# Installing Fork Tips



## Dayhiker (Mar 13, 2010)

I want to install contrasting fork tips on one of the nice Tulip forks given to me by Harpersgrace. Not being a man of many tools, however, I am having a bit of trouble mating the tips at this point.

My biggest initial problem was how to clamp the tips. Then I came up with the idea of epoxying in threaded rod for the pins, then epoxying the forks onto the rod & tips and clamping them down with a wingnut & washer, as pictured.









But now I have a new challenge. Since I only have a hand drill, I could only drill down into the forks by eye, and of course the hole isn't 100% perpendicular to the fork tip so that the pieces aren't exactly flush (luckily one tip is perfect, though). Any suggestions as to how to get them flush without screwing things up?


















The tip on the left is not flush.


----------



## harpersgrace (Jan 28, 2010)

Fraid I can't help you, but hope you enjoy the tulip wood....


----------



## ZDP-189 (Mar 14, 2010)

Simple: Glue then drill.

Complicated: V-Clamp on a drill press table set at 90 degrees.


----------



## ZDP-189 (Mar 14, 2010)

Also, use a vulcan fibre spacer. That hides problems with getting it flush.


----------



## AJW (Apr 24, 2011)

Glue then Drill .... so simple (most) everyone (me) missed it. Simple and effective.

Al


----------



## Dayhiker (Mar 13, 2010)

Thanks fellas, but it's the glue then drill part that I'm worried about. Maybe I'm being thick, but there will be a clamping problem if I don't glue in the posts first, right?

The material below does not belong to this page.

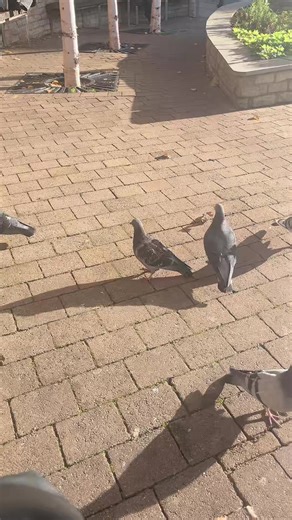 ruby.notts (@ruby.notts)’s videos with original sound - ruby.notts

In any case, the posts are epoxyed in already on this one. Dan, I might go with the fibre spacers but I don't know if this one tip is worth it?


----------



## ZDP-189 (Mar 14, 2010)

Regarding the glue then pin method, it's not a new idea. This was the technique we used when making knives. If you glue one by one with epoxy, it will not be an issue. You can use quick set epoxy because the tension will be taken up later by the allthread.

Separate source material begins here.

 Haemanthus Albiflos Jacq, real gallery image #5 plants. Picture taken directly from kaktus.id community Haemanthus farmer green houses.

Regarding the rescue of this particular fork, you might rescue it by cutting a groove around both the joins and fill with dyed epoxy. The rings will be of equal spacing and in any case, the wider band makes it harder to see if anything is a little out.


----------



## Dayhiker (Mar 13, 2010)

Thanks, Dan. I have already made a more crude adjustment on this one. I will just consider this one a learning experience. Thanks for your help. I still have another Tulip fork and some Black Cherry. What you suggested just now will be the way I will go.


----------



## Blue Danube (Sep 24, 2011)

If you groove the bottom of the caps, top of forks for banding the problem "vanishes"...


----------



## Dayhiker (Mar 13, 2010)

What about the strength of the bond, though? Doesn't there have to be a dead fit?


----------



## harpersgrace (Jan 28, 2010)

DH, you'll probably feel better with the next one. It'll be all you from start to finish, instead of picking up where I left off Just remember the other one was completely green, just as I cut it from the branch.


----------



## ZDP-189 (Mar 14, 2010)

Dayhiker said:


> What about the strength of the bond, though? Doesn't there have to be a dead fit?

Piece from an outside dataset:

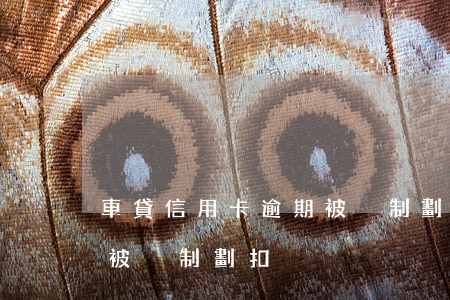 車貸信用卡逾期被強制劃扣(車貸信用卡逾期被強制劃扣)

Not if it is glue filled and backed up with allthread in epoxy.


----------



## Blue Danube (Sep 24, 2011)

Yeppers the load is BELOW the tip on main body with your combined components tis but a blemish easily hidden...


----------



## harpersgrace (Jan 28, 2010)

DH, how did it turn out??


----------



## Dayhiker (Mar 13, 2010)

Hi Scott,
The tips came out fairly well. I just glued on a butt cap last night and today I will be finishing the slingshot. I think it will be a fair to middling piece. I'm learning, thouth, ha ha!


----------



## harpersgrace (Jan 28, 2010)

looking forward to seeing it, what do you think of the tulip wood so far??


----------



## Blue Danube (Sep 24, 2011)

DayHiker, 
is it done yet? 
Is it done yet? Lol

I am REALLY looking forward to seeing the finished product.


----------



## Dayhiker (Mar 13, 2010)

It is done and I will post it when the sun comes up today.


----------